Pig Working Model, source: Internet

Pig Execution Modes

  • Local Mode – All the files are installed and run from your localhost and local file system. There is no need for Hadoop or HDFS. This mode is generally used for testing purposes.
  •  MapReduce Mode – MapReduce mode is where we load or process the data that exists in the (HDFS) using Apache Pig. In this mode, whenever we execute the Pig Latin statements to process the data, a MapReduce job is invoked in the back-end to perform a particular operation on the data that exists in the HDFS.

Pig Execution Mechanism

  • Interactive Mode (Grunt shell)− You can run Apache Pig in interactive mode using the Grunt shell. In this shell, you can enter the Pig Latin statements and get the output (using the Dump operator).
  • Batch Mode (Script) − You can run Apache Pig in Batch mode by writing the Pig Latin script in a single file with the .pig extension.
  • Embedded Mode (UDF) −Apache Pig provides the provision of defining our own functions (User Defined Functions) in programming languages such as Java and using them in our script.
  • Parser – Initially the Pig Scripts are handled by the Parser. It checks the syntax of the script, does type checking, and does other miscellaneous checks. The output of the parser will be a DAG (directed acyclic graph), which represents the Pig Latin statements and logical operators.
  • Optimizer – The logical plan (DAG) is passed to the logical optimizer, which carries out the logical optimizations such as projection and pushdown.
  • Compiler – The compiler compiles the optimized logical plan into a series of MapReduce jobs.
  • Execution engine – Finally, the MapReduce jobs are submitted to Hadoop in sorted order. Finally, these MapReduce jobs are executed on Hadoop producing the desired results.
Pig Architecture (sources: Internet)

Installing and Running Pig

  • Pig runs as a client-side application. Even if you want to run Pig on a Hadoop cluster, there is nothing extra to install on the cluster: Pig launches jobs and interacts withHDFS (or other Hadoop filesystems) from your workstation.
  • Installation is straightforward. Java 6 is a prerequisite (and on Windows, you will need Cygwin). Download a stable release from http://pig.apache.org/releases.html, and unpack it in a suitable place on your workstation.

Demo

In the demo we are going to use the IPL dataset, I have shared the dataset link also. This is my favorite dataset as it is simple to understand and a variety of analyses are possible on this dataset. Currently, the data is from the 2008 to 2016 season. On the shared link, you can find out the latest dataset also.

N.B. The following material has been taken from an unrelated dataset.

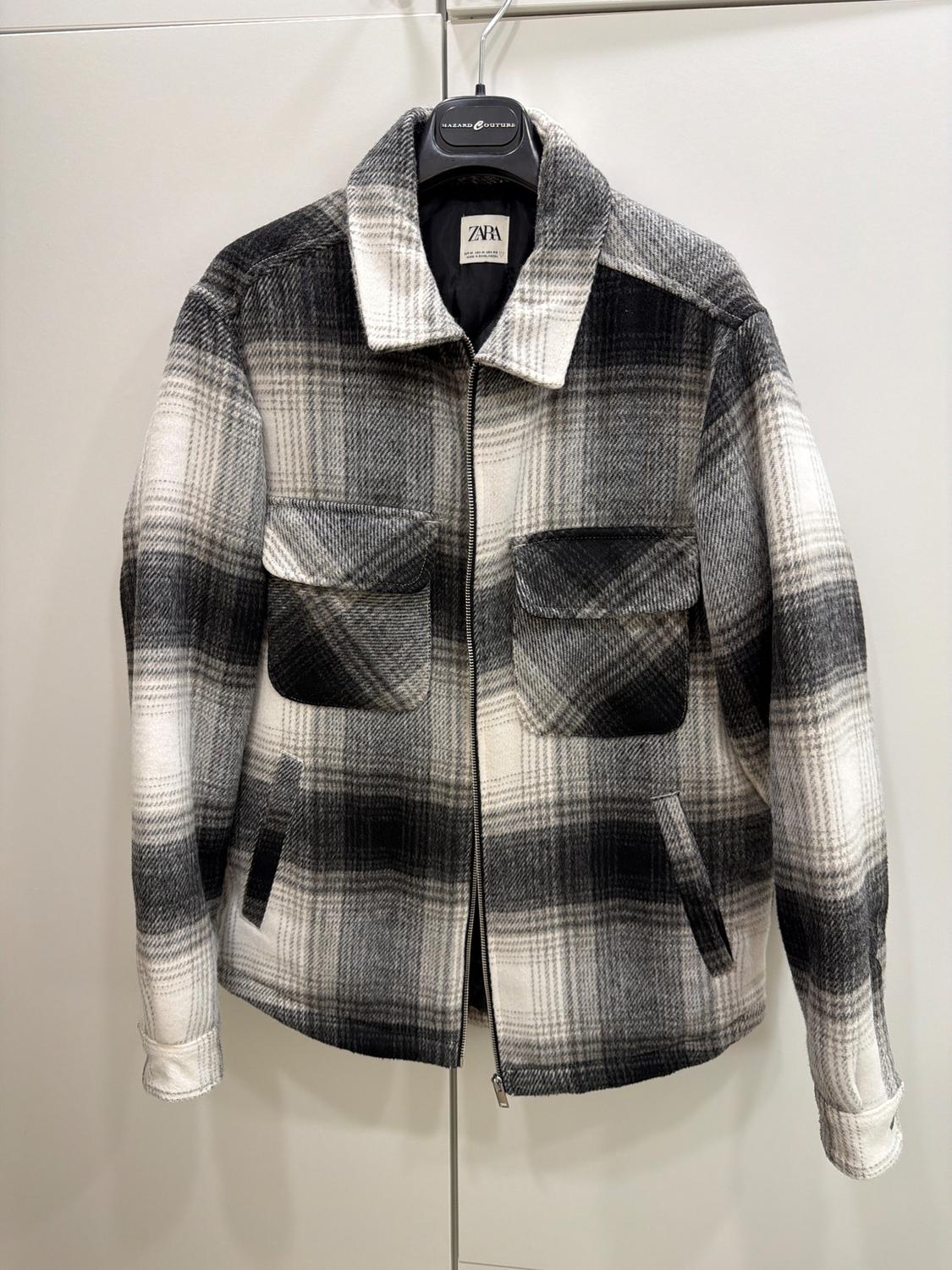 Black and white checked jacket hanging on a hanger. Visible label with the text "ZARA". Large front pockets.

  • Analyze the IPL(INDIAN PREMIER LEAGUE) dataset for 10 years.
  • Find out the various stats related to the game.
  • Save the output and verify the result.
  • Software-
    • VMware Workstation 
    • IBM INFOSPHERE

VMware Workstation

IBM INFOSPHERE BIGINSIGHT

  • InfoSphere BigInsights 1.2 is a software platform designed to help firms discover and analyze business insights hidden in large volumes of a diverse range of data—data that’s often ignored or discarded because it’s too impractical or difficult to process using traditional means. 
  • Examples of such data include log records, clickstreams, social media data, news feeds, electronic sensor output, and even some transactional data. To help firms derive value from such data in an efficient manner, BigInsights incorporates several open source projects (including Apache™ Hadoop™) and a number of IBM-developed technologies.

DATA LOADING QUERIES

Dataset link – https://www.kaggle.com/datasets/patrickb1912/ipl-complete-dataset-20082020

There are two files deliveries and matches, we will be loading both of them.

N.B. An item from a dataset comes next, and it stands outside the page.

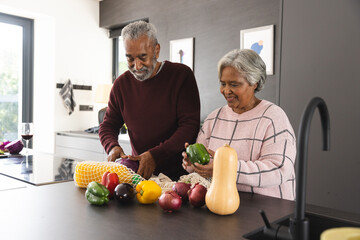 Happy senior biracial couple unpacking bags of vegetables in kitchen at home - Powered by Adobe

data = load '/home/biadmin/matches.csv' using PigStorage(',') as (id: int,season:int, city:chararray, team1:chararray,team2:chararray,tosswinner:chararray,tossdecision:chararray,result:chararray,dlapplied:chararray,winner:chararray,winbyrun:int,winbywickets:int,playerofthematch:chararray,venue:chararray,umpire1:chararray,umpire2:chararray);
data = load '/home/biadmin/deliveries.csv' using PigStorage(',') as (matchid:int,inning:int,battingteam:chararray,bowlingteam:chararray,over:int,ball:int,batsman:chararray,nonstriker:chararray,bowler:chararray,issuperover:int,wideruns:int,byeruns:int,legbyeruns:int,noballruns:int,penaltyruns:int,batsmanruns:int,extraruns:int,totalruns:int,playerdismissed:chararray,dismissalkind:chararray,fielder:chararray);
Data getting loaded

NUMBER OF MATCHES WON BY EACH TEAM

a= group data by winner;
 b = foreach a generate group , COUNT ($1);
 c = order b by $1 asc;
dump c;
STORE c into '/home/biadmin/result' using PigStorage(',');
{RESULT WILL BE STORED IN RESULT.TXT DIRECTORY}

Output

NUMBER OF TIMES A PLAYER HAS BEEN AWARDED THE TITLE OF “MAN OF THE MATCH”

d= group data by playerofthematch;
 e = foreach d generate group , count ($1);
 f= order e by $1 asc;
 STORE f into '/home/biadmin/result1' using PigStorage(',');
{RESULT WILL BE STORED IN RESULT.TXT DIRECTORY}
Output

HOW MANY TEAMS HAVE WON BOTH, THE TOSS AND THE MATCH

g = foreach data generate tosswinner,winner;
split data into h if tosswinner==winner , i if tosswinner != winner ;
 a = group h by winner;
 b = foreach a generate group , COUNT ($1);
dump b;
Output

BY WHAT MAXIMUM WICKETS HAS THE TEAM “GUJARAT LIONS” HAVE WON THE MATCH

j = filter data by winner == 'Gujarat Lions';
 k = group j by winner;
 l = foreach k generate group, MAX(j.winbywickets);
dump l; 
output

BY WHAT MAX MARGIN A TEAM HAS WON

q = group data by winner;
max = foreach q generate group, MAX(data.winbyrun);
dump max;
output

WHICH CITY HAS HOSTED HOW MANY MATCHES

 a = group data by city;                  
b = foreach a generate group , COUNT($1);
c = order b by $1 asc;                   
dump c;
output

WHICH BATSMAN HAS PLAYED HOW MANY DELIVERIES

a = group data by batsman;
 b = foreach a generate group ,COUNT($1);
 c = order b by $1 desc;
 STORE c into '/home/biadmin/MAXBALLFACEDBYBATSMAN' using PigStorage(',');

WHICH BOWLER HAS BOWLED  HOW MANY DELIVERIES

a = group data by bowler;
 b = foreach a generate group , COUNT($1);
 c = order b by $1 desc;
 STORE c into '/home/biadmin/MAXdeliveryBOWLER' using PigStorage(',')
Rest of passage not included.